Come l’ecc.ma Corte ha di recente evidenziato può atteggiarsi come principio anche una disciplina più specifica purchè esprima un obiettivo quale, ad esempio, quello di una semplificazione delle procedure affinchè queste «non risultino inutilmente gravose per gli amministrati e siano dirette a semplificare le procedure e a evitare la duplicazioni di valutazioni sostanzialmente già effettuate dalla pubblica amministrazione» (Corte cost. 1° ottobre 2003, n. 303). Ma l’imposizione di una «rinuncia» alla tutela di una corretta pianificazione, come nell’ipotesi in esame, sfugge a qualunque possibilità di inquadramento come principio.
1.b.2. – La disciplina dei procedimenti nel decreto-legge è puntuale ed esaustiva, prevedendosi tutte le fasi: sono contemplati espressamente i limiti di volumetria (comma 25), le tipologie di illecito (comma 26), le ipotesi di. esclusione (comma 27), la disciplina dei termini (comma 28), l’influenza di fattispecie penali nella sanatoria (commi 29 e 30), i rapporti con i terzi (comma 31), i termini per la proposizione dell’istanza (comma 32), la documentazione da allegare (comma 35), l’ipotesi del silenzio-assenso (comma 37), l’oblazione da corrispondere (comma 38 e all. 1). È perfino allegato il modello di domanda da presentare alle autorità competenti.

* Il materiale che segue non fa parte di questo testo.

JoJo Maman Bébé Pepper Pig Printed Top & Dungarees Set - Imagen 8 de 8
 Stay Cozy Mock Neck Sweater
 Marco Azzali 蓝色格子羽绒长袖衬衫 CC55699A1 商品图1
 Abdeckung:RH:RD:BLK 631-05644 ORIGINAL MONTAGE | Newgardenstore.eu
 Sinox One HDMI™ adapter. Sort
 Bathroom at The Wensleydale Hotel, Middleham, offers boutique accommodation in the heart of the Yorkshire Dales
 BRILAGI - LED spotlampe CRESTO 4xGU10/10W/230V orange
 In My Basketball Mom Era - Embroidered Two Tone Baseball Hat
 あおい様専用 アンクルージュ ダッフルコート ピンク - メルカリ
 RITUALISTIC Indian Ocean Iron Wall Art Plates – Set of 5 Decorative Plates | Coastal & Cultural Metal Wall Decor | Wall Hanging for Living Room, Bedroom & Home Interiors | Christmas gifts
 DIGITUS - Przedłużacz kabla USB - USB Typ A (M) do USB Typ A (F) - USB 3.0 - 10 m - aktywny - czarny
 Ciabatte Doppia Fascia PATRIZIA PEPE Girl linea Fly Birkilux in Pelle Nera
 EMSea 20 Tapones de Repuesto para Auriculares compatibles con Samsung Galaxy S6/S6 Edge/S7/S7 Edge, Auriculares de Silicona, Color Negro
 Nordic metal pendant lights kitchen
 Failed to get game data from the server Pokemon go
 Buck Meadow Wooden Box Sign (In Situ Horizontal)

I pochi rinvii, effettuati dal decreto, alla normativa della regione e al rispetto delle competenze di quest’ultima, si riducono ad una vuota formula senza conseguenze.
In definitiva, viene attribuita alla Regione unicamente la possibilità di «attuazione della normativa per le ipotesi di minore impatto» (comma 26), ovvero di «prevedere un incremento della oblazione», ma solo nella misura del 10% (comma 33).
1.b.3. – Ancora non può non considerarsi che la fissazione di principi fondamentali, che la Costituzione attribuisce allo Stato, è evidentemente funzionale alla individuazione di orientamenti e direttive per una coordinata programmazione degli interventi delle regioni e perchè si consenta all’ente territoriale un razionale governo del territorio.
Insomma, la norma costituzionale, nel fissare il rapporto fra principi fondamentali e legislazione regionale, propone non solo un limite quantitativo e oggettivo all’esercizio della potestà, ma anche funzionale al rispetto di un obiettivo, e cioè, per l’ipotesi in esame, la razionale pianificazione.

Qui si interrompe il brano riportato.